== WHAT THE TASK REQUIRES ==
Below are some records. Print exactly the lines between the one holding "Chrysler Pacifica II" and the one holding "Fireplace, Interior, Living", inclusive, and nothing else.

** Opening PROVIDED DATA block **

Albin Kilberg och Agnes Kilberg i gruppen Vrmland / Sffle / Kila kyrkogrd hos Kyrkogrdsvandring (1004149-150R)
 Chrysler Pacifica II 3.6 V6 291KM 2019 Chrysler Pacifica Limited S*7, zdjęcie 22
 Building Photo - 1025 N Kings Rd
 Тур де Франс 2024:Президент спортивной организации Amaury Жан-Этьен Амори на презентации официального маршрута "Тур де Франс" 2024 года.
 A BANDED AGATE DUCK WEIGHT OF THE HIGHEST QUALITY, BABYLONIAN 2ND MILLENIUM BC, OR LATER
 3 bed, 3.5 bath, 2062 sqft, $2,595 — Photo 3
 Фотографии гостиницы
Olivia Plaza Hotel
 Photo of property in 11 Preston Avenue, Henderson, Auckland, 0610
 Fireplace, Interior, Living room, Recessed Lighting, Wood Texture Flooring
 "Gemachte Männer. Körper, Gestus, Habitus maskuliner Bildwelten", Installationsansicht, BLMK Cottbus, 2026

** Closing PROVIDED DATA block **

== RESPONSE BOX ==
 Chrysler Pacifica II 3.6 V6 291KM 2019 Chrysler Pacifica Limited S*7, zdjęcie 22
 Building Photo - 1025 N Kings Rd
 Тур де Франс 2024:Президент спортивной организации Amaury Жан-Этьен Амори на презентации официального маршрута "Тур де Франс" 2024 года.
 A BANDED AGATE DUCK WEIGHT OF THE HIGHEST QUALITY, BABYLONIAN 2ND MILLENIUM BC, OR LATER
 3 bed, 3.5 bath, 2062 sqft, $2,595 — Photo 3
 Фотографии гостиницы
Olivia Plaza Hotel
 Photo of property in 11 Preston Avenue, Henderson, Auckland, 0610
 Fireplace, Interior, Living room, Recessed Lighting, Wood Texture Flooring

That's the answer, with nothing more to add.